Elaine you’d love Photoshop. With its Healing Brush, magic wand, add-anchor tools, … you can scan in sunlight even in the cloudiest, darkest night. Or you can make everything look like the Underworld. It can definitely hold you through to the times the sun comes out again. Counting on it too, cheers.
Robin, what a wonderful photo and story. What you ended up with is rich with beauty and mother-earthiness–Her good bounty rooted, yet ready.
And the perfect image at the end – mother draped in daughter’s red. Red of birth. Red of life.
Thank you.
Oh my gosh Marydiane. You’ve made it even more beautiful. I love “Red of birth. Red of life.” You must be an author or an artist.
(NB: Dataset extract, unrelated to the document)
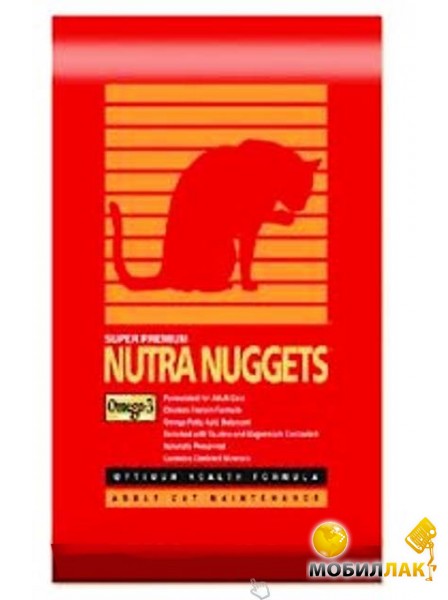    Nutra Nuggets Hairball 10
How chilling. In a good way, I mean. Many thanks.
Robin, I love the way this story evolved–and the image you finally presented us with was so filled with joy and life.
Yes, I too have searched and searched for something like a maniac unable to stop. In fact, in the middle of a siblings reunion at my house this week, my sister gathered all my Leonard Cohen cds and we couldn’t find one I was sure I had. I looked for days and every now and then i get a new idea about where it might be. Going to check one more place right now!
Lynne
There ought to be a pill or something for this type of behavior, don’tcha think? I believe anything by Leonard Cohen is worth spending time searching for but it is definitely scary how driven we can get. Oh, by the way, I found the photo. I was not looking for it when I found it. I was clearing out a cabinet with a friend and I kept finding old photos and there it was. So start looking for your old chili recipe or the book you borrowed and never returned or … And maybe ….
Another winner, Robin. The image was totally unexpected and a perfect evocation of autumn.
Thanks Annette. Did you ever see so many colors in carrots? I just had fun with this one. Cheers for noticing. Hugs.
Hi Annette. Farmers’ Market Carrots. I fell in love with them before noticing how they reflected the fall colors. Hugs.